The condition that shows that you love God is to guard his commands. He didn’t just tell us that we need to do his commands to show our love for him, we HAVE TO guard them, protect them, and ensure them. This is a much greater task, it alludes to military action, we are to violently protect the commands of God, with force, we are to protect them, if not we are not proving our love.

Then Jesus requests of the father, likewise he shall bring forth more comfort, so as to remain accompanying you throughout the world. You are promised to always be comforted, with Jesus always near you anywhere you go in the cosmos.

The very breath of truth which the world has no possibility to attain, because considering of truth is absolutely not, never aware of truth: moreover you can speak this truth because these remains near you even will be resting in you. The world does not consider truth, and therefore cannot be aware of truth, but we speak truth, because truth is near us, and will be resting with us. Jesus is speaking of himself, the spirit of truth, the Torah, and that is what we are to profess.

No way forsaking you as comfortless, come enter forward to you. Jesus will not forsake us, or leave us without his comfort; he is coming forward into us.

Still a little while and this world consider me absolutely not still; now you consider me for I live you live likewise. In other words, even with all this, the world does not even think about Jesus, but we do, because we live like he lives. So if we think we are thinking about Jesus, we better be living like him, or we are not really even thinking of him.

In that time you absolutely know how I am in my father even you in me, and I also in you. So when we consider Jesus, and follow his ways will understand this concept of how he is in the father, and so are we in Jesus, and so Jesus in us, which by our human understanding is not possible.

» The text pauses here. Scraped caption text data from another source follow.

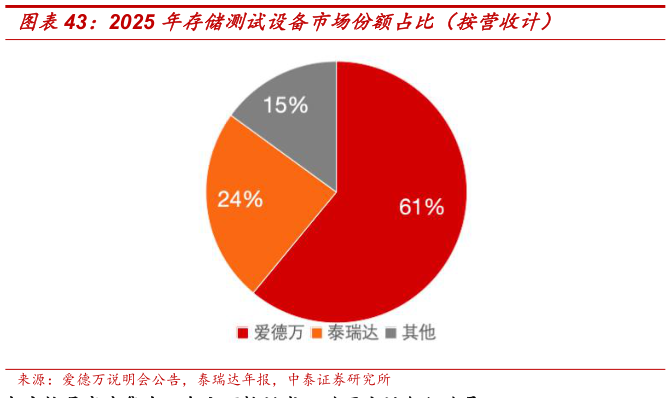 咨询下各位2025 年存储测试设备市场份额占比（按营收计）
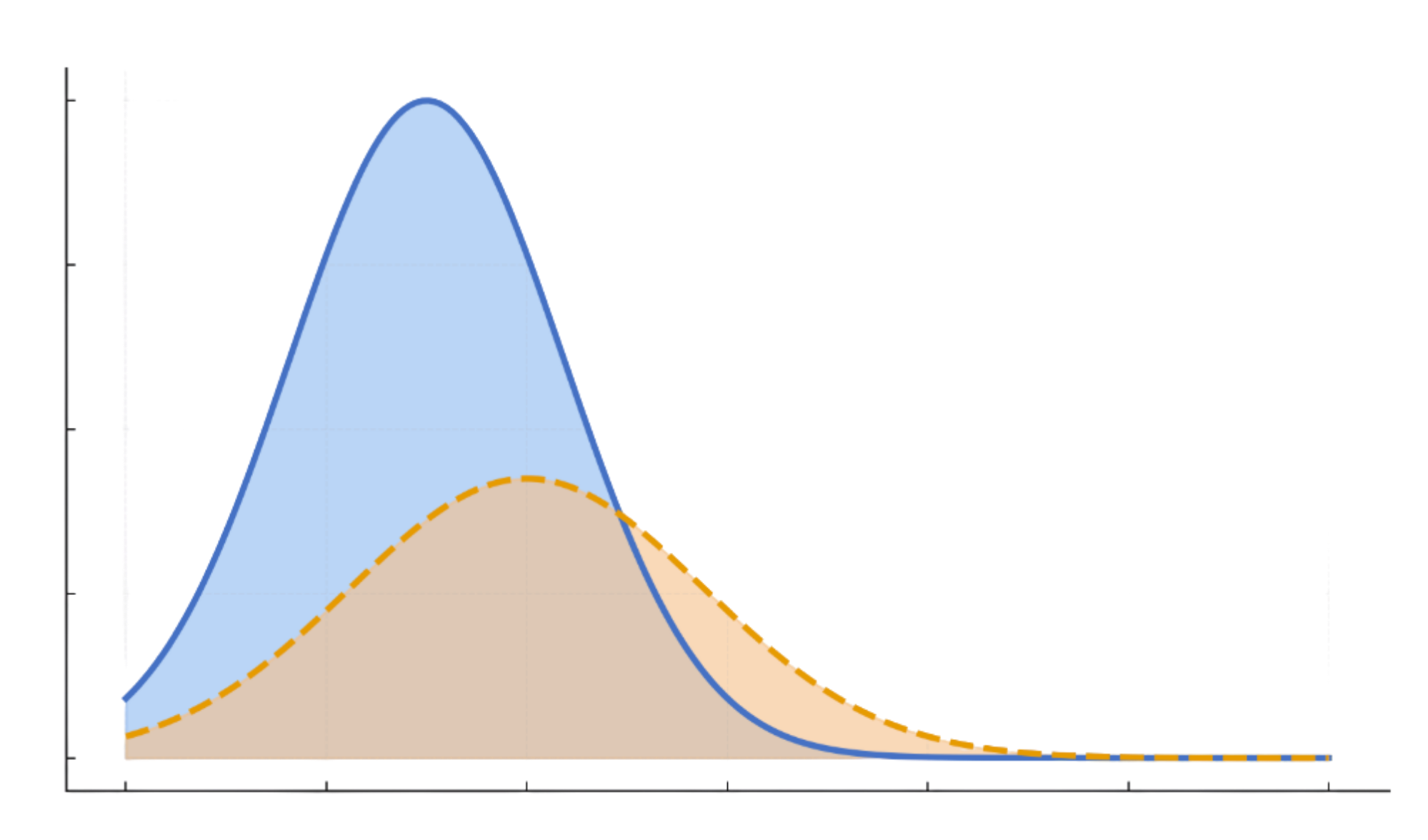 NAD+血禎濃度上昇曲線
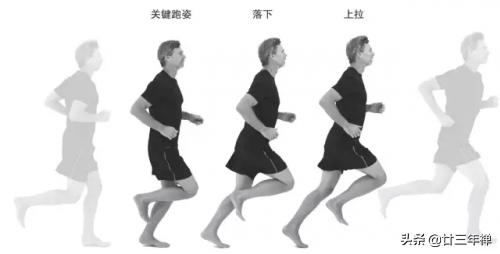 跑步伤膝盖如何解决这个硬核难题,跑步出现的各种膝盖问题怎么养护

Hold my commands and guard them, which profits love for me: moreover love for me is love of my Father, therefore I love them, likewise manifest myself to them. When we firmly follow and guard the commandments it shows our love for Jesus, and also for the father, and because of this, Jesus loves us and shows himself to us.

If you wish to contend with any of my paraphrase, please first show the minimal respect of looking at the text yourself and trying the same. That is only fair, if you have a question ask, but look at the text first if you wish to debate. Thank you.